How to select records in SQL based on probability distribution on one column while making sure that another column value is unique

47 views Asked by At

Context

I have the following Tables in Microsoft SQL Server:

MainTable

UserId
EmailType
Column 1
Column 2
..
Column N

EmailDistribution

EmailType
WeightageRequired

EmailType has about 10 distinct value posibility, say A-J, for both the tables. Also, the sum of WeightageRequired for the 10 values togather is 1.

In MainTable, there are multiple combinations of UserId & EmailType. However, UserId-EmailType Combination would have a unique value. Thus, following is possibility:

UserId - EmailType

1-A
1-B
1-D
2-A
2-C
2-G
3-A
3-B

etc. Also, one particular UserId need not have a combination with all the EmailType values. Thus, in the given example above, UserId 1 only has rows corresponding to A,B & D and not for the rest of the possible values of EmailType.

Now, the requirement:

Out of, say, 50000 rows in the MainTable, I want to select 1 row for each UserId such that the distribution of the EmailType is as close as possible to the EmailDistribution's WeightageRequired.
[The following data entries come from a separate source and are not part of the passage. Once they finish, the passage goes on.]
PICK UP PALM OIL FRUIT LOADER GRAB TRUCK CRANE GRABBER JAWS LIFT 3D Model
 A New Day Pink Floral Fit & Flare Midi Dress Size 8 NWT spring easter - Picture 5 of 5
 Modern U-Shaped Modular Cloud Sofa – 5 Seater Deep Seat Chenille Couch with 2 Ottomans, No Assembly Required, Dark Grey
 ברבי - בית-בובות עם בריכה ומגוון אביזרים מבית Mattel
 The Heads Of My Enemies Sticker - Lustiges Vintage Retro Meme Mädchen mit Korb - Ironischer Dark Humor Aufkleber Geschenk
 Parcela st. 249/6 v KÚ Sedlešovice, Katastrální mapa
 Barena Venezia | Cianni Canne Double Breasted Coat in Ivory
For example, if the 50000 rows have 12000 unique UserIds, the resultset has to have 12000 rows (and only 12000 rows). However, within the set of rows for a particular UserId, a random row should be picked so as to work towards the required weightage distribution.

There is no hard requirement for the weightage to be exactly what is required, but the closer it is to the requirement, the better is the model fit.

I hope I am able to explain my problem correctly.

Request the great minds on StackOverflow for assistance.

1

There are 1 answers

1
Isolated On

Here's a non-loop version, albeit not ideal, but you could create a bunch of CTEs to get distinct userids.

Let's pretend these are your weights by emailType:

EmailType   Weights
A           0.000976563
B           0.001953125
C           0.00390625
D           0.0078125
E           0.015625
F           0.03125
G           0.0625
H           0.125
I           0.25
J           0.5

And let's pretend you have 10,000 distinct UserIDs in the main table. So group A should represent ~10 rows (10,000 * 0.00097).

with group_a as (
select distinct top 10 userid, 'A' as email_type
  from mainTable
 where emailType = 'A'
),
group_b as (
select distinct top 20 userid, 'B' as email_type
  from mainTable
 where emailType = 'B'
   and userid not in (select userid from group_a)
),
group_c as (
select distinct top 40 userid, 'C' as email_type
  from mainTable
 where emailType = 'C'
   and userid not in (select userid from group_a)
   and userid not in (select userid from group_b)
),
...
group_j as (
select distinct top 5000 userid, 'J' as email_type
  from mainTable
 where emailType = 'J'
   and userid not in (select userid from group_a)
   and userid not in (select userid from group_b)
   and userid not in (select userid from group_c)
   and userid not in (select userid from group_d)
   and userid not in (select userid from group_e)
   and userid not in (select userid from group_f)
   and userid not in (select userid from group_g)
   and userid not in (select userid from group_h)
   and userid not in (select userid from group_i)
)
select userid, email_type from group_a union
select userid, email_type from group_b union 
select userid, email_type from group_c union
...
select userid, email_type from group_j 

This "works" to some degree but you're not guaranteed to get all 10,000 user ids. For example, the first 3 CTEs may grab some people you need for Group D. If you are looking for a non-loop solution, then perhaps start by first counting how many unique IDs you have by EmailType and then compare to your Weights. That may help determine how to order the CTEs (should you choose this method).

Again, not ideal but might get you close to what you need.